━━━ Material to process ━━━

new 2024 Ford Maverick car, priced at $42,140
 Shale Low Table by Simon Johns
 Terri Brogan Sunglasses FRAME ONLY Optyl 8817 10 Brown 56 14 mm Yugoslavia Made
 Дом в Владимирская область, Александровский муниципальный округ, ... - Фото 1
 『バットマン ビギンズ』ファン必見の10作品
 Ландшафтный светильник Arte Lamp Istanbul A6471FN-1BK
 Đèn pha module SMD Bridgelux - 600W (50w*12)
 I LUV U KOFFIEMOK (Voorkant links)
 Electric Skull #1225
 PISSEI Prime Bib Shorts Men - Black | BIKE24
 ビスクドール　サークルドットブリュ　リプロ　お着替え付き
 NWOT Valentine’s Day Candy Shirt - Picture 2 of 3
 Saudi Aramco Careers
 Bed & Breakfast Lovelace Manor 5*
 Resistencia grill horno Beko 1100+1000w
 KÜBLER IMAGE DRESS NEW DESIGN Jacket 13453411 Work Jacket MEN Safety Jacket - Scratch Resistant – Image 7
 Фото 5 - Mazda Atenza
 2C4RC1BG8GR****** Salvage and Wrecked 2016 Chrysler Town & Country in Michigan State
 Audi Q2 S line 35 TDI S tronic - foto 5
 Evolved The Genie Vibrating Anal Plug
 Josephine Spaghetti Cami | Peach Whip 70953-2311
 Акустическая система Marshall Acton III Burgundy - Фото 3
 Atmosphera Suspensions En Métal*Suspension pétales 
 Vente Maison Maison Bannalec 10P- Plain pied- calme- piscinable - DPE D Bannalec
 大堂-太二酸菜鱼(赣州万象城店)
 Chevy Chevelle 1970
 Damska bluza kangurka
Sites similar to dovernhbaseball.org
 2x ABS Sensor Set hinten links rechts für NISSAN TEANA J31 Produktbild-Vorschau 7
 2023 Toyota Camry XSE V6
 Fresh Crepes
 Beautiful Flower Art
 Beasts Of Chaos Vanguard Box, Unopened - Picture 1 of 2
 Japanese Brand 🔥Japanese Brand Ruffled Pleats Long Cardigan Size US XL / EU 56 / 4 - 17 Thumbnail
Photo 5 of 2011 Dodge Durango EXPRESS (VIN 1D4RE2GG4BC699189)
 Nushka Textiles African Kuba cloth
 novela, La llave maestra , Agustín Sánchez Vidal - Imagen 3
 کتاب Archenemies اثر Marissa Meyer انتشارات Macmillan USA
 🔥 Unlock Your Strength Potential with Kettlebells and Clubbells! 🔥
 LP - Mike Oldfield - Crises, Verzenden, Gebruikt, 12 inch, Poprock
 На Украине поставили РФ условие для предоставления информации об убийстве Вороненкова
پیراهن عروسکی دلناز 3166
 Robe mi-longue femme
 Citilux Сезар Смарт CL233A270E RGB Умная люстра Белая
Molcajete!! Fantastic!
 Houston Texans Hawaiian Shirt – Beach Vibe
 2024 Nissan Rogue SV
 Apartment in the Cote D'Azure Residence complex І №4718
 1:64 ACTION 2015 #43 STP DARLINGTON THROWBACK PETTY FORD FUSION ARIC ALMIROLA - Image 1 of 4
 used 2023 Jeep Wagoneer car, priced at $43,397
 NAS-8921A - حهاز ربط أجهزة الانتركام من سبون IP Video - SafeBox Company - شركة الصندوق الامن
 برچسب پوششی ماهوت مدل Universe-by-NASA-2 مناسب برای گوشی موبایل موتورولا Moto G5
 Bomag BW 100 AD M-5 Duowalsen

━━━

* _To do_:
If a line in the records has the word "Shirt", copy that line.

* _Completed task_:
 NWOT Valentine’s Day Candy Shirt - Picture 2 of 3
 Houston Texans Hawaiian Shirt – Beach Vibe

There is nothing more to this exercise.